─── Supplied entries ───

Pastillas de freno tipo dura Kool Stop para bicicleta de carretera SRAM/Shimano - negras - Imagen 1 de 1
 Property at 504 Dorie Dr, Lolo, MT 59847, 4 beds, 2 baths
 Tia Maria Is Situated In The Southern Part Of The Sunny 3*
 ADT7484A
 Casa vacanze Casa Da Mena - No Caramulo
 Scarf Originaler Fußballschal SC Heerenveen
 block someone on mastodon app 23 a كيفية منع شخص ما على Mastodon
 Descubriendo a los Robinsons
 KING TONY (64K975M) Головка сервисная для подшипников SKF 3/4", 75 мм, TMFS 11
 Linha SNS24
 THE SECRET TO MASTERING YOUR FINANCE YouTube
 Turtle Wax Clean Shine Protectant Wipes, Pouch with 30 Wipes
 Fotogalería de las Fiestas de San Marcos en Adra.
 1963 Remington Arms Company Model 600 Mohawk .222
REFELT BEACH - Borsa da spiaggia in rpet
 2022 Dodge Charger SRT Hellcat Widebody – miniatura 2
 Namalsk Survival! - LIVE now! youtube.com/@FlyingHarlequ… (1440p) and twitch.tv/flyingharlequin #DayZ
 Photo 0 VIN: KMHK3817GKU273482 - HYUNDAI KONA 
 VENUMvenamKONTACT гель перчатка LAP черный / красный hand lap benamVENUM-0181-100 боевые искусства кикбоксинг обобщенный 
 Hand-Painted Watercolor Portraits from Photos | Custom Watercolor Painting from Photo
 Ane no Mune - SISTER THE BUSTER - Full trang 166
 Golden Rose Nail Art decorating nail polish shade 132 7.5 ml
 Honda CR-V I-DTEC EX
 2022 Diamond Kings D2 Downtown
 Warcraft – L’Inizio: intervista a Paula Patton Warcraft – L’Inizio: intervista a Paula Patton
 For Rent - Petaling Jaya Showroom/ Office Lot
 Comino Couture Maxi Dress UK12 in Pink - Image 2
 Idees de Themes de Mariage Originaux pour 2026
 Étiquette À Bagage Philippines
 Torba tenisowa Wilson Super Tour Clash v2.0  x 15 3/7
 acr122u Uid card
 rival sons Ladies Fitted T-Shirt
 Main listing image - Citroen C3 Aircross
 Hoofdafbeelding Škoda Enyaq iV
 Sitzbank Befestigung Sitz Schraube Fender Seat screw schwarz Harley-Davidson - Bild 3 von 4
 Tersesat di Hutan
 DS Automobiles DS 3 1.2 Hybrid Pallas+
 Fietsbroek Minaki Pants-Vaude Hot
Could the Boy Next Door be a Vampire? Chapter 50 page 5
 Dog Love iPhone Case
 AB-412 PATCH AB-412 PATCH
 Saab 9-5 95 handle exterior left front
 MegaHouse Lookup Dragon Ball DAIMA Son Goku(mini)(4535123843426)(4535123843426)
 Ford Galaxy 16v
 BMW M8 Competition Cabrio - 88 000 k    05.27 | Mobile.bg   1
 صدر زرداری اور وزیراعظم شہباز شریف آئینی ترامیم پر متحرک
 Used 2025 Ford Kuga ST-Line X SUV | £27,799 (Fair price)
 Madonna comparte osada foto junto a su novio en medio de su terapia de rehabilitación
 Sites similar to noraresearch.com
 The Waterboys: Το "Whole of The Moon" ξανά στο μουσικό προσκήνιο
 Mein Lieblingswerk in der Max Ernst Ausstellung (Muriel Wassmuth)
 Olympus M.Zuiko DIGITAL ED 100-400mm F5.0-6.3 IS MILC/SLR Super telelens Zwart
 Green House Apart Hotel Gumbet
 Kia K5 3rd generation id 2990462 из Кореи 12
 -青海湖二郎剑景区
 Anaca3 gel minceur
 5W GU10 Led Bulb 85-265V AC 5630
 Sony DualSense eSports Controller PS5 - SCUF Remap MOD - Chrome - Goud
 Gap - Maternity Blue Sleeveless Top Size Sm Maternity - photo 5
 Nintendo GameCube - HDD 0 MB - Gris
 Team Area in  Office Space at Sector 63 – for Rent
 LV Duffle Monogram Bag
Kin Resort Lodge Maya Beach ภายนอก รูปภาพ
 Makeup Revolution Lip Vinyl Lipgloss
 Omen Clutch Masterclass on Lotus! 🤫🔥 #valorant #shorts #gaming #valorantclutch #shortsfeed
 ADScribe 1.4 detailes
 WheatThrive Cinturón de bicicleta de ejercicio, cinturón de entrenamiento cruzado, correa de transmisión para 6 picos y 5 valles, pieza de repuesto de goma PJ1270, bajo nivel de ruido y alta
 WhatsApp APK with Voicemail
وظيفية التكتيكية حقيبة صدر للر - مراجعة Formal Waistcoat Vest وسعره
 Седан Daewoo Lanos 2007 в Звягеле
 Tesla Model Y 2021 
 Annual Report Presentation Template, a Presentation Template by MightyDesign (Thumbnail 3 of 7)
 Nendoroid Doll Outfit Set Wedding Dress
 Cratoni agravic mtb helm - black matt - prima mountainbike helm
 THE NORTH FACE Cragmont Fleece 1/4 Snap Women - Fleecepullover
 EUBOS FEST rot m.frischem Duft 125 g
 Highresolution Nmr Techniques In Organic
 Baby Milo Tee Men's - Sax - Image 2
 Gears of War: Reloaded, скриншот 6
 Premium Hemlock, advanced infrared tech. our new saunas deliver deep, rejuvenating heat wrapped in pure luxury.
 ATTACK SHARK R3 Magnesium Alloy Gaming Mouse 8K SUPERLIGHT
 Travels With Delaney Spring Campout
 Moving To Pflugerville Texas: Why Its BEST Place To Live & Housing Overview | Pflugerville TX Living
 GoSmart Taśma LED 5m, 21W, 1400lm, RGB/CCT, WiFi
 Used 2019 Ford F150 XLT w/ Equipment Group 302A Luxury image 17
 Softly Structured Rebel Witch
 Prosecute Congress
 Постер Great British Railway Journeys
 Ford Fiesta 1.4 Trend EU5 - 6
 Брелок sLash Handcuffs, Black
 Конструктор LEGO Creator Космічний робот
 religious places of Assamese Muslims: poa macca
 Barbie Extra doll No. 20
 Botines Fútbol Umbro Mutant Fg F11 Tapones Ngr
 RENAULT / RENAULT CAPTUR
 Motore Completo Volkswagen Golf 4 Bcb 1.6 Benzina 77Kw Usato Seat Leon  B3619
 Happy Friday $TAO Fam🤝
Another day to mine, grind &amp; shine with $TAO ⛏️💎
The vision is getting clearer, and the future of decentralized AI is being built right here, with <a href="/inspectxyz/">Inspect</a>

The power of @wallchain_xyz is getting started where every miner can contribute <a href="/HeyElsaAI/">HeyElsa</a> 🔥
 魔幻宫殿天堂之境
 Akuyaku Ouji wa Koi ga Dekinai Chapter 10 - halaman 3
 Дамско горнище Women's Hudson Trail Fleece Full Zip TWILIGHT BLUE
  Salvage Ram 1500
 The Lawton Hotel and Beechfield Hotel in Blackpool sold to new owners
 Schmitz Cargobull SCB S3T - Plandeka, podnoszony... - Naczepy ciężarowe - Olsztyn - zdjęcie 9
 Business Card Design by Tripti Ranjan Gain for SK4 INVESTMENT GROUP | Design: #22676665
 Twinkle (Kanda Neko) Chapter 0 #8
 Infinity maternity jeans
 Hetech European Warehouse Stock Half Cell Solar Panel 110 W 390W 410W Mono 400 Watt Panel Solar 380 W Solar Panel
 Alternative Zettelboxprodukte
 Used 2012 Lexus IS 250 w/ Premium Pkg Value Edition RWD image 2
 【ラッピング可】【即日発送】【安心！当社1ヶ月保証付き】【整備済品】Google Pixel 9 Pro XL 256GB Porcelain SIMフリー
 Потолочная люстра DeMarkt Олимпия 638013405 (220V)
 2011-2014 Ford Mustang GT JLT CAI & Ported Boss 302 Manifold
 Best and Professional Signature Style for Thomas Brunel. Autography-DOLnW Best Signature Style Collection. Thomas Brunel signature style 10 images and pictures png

───

## Instructions for the task
Look through the lines above and collect those with the word "Seat".

## Response area
 Sitzbank Befestigung Sitz Schraube Fender Seat screw schwarz Harley-Davidson - Bild 3 von 4
 Motore Completo Volkswagen Golf 4 Bcb 1.6 Benzina 77Kw Usato Seat Leon  B3619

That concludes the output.